User Tools

Site Tools


Sidebar

Dave Orme muses about data-first development.

My current work emphasizes data engineering and analysis using Kubernetes, Clojure, Scala, Eclipse, and Google Cloud Platform or AWS.


Blog

The Cloud

Scala, Clojure, and FP

Data-First Development

Agile

Older work

Coconut Palm Software home


Donate Bitcoin:

1Ecnr9vtkC8b9FvmQjQaJ9ZsHB127UzVD6

Keywords:

Kubernetes, Docker, Streaming Data, Spark, Scala, Clojure, OSGi, Karaf, GCP, AWS, SQL

Disclaimer:

Everything I say here is my own opinion and not necessarily that of my employer.

blog:lazy_lazy_iterables

Lazy, Lazy Iterables

In Java, Iterable<T> is almost a Monad. Even so, it's still useful in a lot of ways that a monad is useful–such as for abstracting transformations from collections of one type to collections of another.

(Whaaaaaiiiiit! You used the word “MONAD”! Okay, I admit it; I did. But guess what? Although I'm going to talk about Monads here a bit, I'm NOT going to assume that you know what they are in order to get value from this post. Feel better yet?)

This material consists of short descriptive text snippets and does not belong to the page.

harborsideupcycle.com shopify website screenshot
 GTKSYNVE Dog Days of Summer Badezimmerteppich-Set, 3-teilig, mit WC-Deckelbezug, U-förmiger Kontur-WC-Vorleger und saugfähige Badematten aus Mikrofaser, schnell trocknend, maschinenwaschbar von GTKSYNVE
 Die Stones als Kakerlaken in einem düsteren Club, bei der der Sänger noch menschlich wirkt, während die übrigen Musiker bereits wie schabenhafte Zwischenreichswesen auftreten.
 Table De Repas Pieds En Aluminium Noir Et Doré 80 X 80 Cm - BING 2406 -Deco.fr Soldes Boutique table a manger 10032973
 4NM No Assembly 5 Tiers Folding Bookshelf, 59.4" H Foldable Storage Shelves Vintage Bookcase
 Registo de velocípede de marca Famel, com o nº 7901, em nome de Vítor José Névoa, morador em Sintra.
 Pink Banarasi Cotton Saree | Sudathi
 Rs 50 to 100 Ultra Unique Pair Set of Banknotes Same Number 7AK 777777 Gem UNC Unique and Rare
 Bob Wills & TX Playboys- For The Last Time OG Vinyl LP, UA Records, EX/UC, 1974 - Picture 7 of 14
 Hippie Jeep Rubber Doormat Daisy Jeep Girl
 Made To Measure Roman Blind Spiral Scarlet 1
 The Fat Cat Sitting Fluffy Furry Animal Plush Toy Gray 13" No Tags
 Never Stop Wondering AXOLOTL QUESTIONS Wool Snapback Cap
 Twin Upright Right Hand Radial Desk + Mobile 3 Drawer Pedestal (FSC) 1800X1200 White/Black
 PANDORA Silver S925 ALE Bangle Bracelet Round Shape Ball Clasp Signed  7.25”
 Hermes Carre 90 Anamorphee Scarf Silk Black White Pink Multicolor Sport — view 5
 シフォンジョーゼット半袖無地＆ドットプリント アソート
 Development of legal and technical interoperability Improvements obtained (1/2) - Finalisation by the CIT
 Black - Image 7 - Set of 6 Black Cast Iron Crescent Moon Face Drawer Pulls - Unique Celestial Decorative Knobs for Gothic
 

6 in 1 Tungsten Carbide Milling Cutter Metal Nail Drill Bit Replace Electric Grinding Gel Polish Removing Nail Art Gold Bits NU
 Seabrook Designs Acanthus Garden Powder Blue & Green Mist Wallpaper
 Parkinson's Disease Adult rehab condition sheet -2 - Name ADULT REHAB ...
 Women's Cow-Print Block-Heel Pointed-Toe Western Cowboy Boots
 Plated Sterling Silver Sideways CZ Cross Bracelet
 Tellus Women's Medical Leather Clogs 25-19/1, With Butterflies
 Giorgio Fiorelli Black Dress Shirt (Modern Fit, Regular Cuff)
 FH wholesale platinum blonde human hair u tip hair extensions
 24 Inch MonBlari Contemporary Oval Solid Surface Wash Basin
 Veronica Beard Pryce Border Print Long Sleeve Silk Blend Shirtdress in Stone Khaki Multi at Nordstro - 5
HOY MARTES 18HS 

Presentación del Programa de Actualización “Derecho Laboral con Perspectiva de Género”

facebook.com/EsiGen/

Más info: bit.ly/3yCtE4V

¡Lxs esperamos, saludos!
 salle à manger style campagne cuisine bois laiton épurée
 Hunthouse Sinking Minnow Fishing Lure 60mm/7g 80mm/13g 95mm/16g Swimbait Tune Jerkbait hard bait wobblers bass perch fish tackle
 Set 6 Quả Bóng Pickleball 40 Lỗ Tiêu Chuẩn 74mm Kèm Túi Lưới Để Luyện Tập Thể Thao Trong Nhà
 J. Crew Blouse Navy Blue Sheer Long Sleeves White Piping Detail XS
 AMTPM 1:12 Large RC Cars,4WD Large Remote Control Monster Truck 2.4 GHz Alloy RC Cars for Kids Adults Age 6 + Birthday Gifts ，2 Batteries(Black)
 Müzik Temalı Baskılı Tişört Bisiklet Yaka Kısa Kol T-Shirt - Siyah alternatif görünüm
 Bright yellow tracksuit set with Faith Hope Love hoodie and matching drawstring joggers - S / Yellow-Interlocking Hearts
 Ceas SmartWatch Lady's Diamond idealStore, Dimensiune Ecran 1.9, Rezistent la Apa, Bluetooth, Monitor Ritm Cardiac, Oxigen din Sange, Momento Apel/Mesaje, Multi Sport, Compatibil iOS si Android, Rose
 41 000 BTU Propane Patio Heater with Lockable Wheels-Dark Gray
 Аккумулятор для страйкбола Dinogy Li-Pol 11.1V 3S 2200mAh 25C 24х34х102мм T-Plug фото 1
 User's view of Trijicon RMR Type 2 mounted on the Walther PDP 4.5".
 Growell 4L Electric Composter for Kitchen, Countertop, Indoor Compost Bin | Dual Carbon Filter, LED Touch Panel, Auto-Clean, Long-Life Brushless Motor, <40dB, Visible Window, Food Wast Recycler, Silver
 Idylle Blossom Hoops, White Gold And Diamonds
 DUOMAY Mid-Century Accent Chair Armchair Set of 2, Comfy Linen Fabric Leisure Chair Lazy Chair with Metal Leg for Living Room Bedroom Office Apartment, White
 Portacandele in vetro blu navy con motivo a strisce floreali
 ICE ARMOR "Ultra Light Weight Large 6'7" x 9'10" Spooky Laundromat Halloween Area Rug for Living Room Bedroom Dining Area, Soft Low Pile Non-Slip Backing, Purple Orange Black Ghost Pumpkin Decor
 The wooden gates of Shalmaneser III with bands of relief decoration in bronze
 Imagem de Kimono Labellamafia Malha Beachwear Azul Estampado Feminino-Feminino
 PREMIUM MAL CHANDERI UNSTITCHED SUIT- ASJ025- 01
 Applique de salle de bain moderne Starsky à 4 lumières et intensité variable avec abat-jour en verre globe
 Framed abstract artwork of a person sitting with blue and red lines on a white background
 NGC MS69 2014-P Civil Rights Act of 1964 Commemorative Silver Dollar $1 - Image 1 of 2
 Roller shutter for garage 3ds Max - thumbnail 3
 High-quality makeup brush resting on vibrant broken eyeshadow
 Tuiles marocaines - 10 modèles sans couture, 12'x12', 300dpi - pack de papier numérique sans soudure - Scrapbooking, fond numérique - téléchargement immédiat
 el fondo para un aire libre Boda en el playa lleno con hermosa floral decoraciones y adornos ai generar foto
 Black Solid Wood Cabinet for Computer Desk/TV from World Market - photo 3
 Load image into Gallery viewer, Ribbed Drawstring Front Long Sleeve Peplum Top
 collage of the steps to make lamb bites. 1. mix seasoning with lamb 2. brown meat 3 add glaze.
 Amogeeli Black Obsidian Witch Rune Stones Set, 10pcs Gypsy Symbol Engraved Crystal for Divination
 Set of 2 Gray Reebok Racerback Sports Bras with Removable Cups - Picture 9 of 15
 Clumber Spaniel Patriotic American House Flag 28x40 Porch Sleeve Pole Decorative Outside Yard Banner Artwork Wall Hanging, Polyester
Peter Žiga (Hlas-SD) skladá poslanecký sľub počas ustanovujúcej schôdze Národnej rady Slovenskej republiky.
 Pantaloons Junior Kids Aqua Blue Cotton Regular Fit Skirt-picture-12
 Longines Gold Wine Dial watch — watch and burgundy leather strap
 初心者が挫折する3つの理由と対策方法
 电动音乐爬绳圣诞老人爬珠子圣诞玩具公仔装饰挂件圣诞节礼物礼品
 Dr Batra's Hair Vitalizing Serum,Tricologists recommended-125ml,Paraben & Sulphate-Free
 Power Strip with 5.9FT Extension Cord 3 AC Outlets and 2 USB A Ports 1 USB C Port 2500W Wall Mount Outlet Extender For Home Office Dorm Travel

In Java 8, the Streams API helps a lot, but even without Java 8 (which I can't use just yet), it's still a really useful technique. One place I've found it particularly useful has been as an abstraction for data input.

Suppose you have a cluster and want to run commands remotely through SSH and collect the output. Assuming that you have set up SSH keys properly, something like the following is really useful:

SshClient remoteServer = new SshClient("username", "host", 22);
Iterable<String> lines = remoteServer.relay("tail /var/log/serverlog");

Traditionally, a construct like this would SSH to the server, run the specified command on the remote machine, collect the results, and return the resulting collection as an Iterable<String> of lines.

Simple and useful, yes?

But we can make it better than that! How? What about this?

SshClient remoteServer = new SshClient("username", "host", 22);
Iterable<String> lines = remoteServer.relay("tail -f /var/log/serverlog");

“Wait?” you ask, “That's exactly the same code as before except that the 'relay' command won't ever terminate!”

Not so fast.

What if that “relay” command returned immediately after initiating the remote session and then returned lines in the “lines” Iterable as they became available?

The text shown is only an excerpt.